• [Records drawn from a dataset]
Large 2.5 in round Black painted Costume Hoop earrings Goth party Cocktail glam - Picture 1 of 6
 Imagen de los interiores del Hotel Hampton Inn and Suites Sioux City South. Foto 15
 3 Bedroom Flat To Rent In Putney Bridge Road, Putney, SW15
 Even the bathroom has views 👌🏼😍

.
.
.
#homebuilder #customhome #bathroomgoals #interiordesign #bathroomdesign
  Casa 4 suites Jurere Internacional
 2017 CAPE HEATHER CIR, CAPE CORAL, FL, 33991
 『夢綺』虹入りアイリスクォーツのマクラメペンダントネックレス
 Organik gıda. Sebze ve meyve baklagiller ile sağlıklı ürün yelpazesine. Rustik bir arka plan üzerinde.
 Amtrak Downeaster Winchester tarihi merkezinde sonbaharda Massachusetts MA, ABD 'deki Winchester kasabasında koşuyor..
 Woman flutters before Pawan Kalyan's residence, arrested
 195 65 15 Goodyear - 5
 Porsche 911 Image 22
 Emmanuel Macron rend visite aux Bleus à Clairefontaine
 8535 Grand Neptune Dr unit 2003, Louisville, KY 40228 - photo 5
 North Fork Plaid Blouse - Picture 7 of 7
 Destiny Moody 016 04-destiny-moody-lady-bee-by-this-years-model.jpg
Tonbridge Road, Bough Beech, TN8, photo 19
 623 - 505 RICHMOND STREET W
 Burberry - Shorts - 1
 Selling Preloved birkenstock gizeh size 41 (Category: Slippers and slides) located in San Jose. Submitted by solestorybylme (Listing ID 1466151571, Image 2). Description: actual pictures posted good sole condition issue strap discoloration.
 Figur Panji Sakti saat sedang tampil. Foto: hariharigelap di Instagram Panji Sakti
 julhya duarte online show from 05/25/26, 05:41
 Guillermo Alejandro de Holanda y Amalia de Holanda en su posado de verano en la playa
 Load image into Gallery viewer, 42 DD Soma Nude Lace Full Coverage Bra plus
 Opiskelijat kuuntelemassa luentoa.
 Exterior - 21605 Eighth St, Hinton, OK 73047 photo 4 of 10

• [Task details]
Could you repeat every record above exactly as it stands?

• [Task answer]
Large 2.5 in round Black painted Costume Hoop earrings Goth party Cocktail glam - Picture 1 of 6
 Imagen de los interiores del Hotel Hampton Inn and Suites Sioux City South. Foto 15
 3 Bedroom Flat To Rent In Putney Bridge Road, Putney, SW15
 Even the bathroom has views 👌🏼😍

.
.
.
#homebuilder #customhome #bathroomgoals #interiordesign #bathroomdesign
  Casa 4 suites Jurere Internacional
 2017 CAPE HEATHER CIR, CAPE CORAL, FL, 33991
 『夢綺』虹入りアイリスクォーツのマクラメペンダントネックレス
 Organik gıda. Sebze ve meyve baklagiller ile sağlıklı ürün yelpazesine. Rustik bir arka plan üzerinde.
 Amtrak Downeaster Winchester tarihi merkezinde sonbaharda Massachusetts MA, ABD 'deki Winchester kasabasında koşuyor..
 Woman flutters before Pawan Kalyan's residence, arrested
 195 65 15 Goodyear - 5
 Porsche 911 Image 22
 Emmanuel Macron rend visite aux Bleus à Clairefontaine
 8535 Grand Neptune Dr unit 2003, Louisville, KY 40228 - photo 5
 North Fork Plaid Blouse - Picture 7 of 7
 Destiny Moody 016 04-destiny-moody-lady-bee-by-this-years-model.jpg
Tonbridge Road, Bough Beech, TN8, photo 19
 623 - 505 RICHMOND STREET W
 Burberry - Shorts - 1
 Selling Preloved birkenstock gizeh size 41 (Category: Slippers and slides) located in San Jose. Submitted by solestorybylme (Listing ID 1466151571, Image 2). Description: actual pictures posted good sole condition issue strap discoloration.
 Figur Panji Sakti saat sedang tampil. Foto: hariharigelap di Instagram Panji Sakti
 julhya duarte online show from 05/25/26, 05:41
 Guillermo Alejandro de Holanda y Amalia de Holanda en su posado de verano en la playa
 Load image into Gallery viewer, 42 DD Soma Nude Lace Full Coverage Bra plus
 Opiskelijat kuuntelemassa luentoa.
 Exterior - 21605 Eighth St, Hinton, OK 73047 photo 4 of 10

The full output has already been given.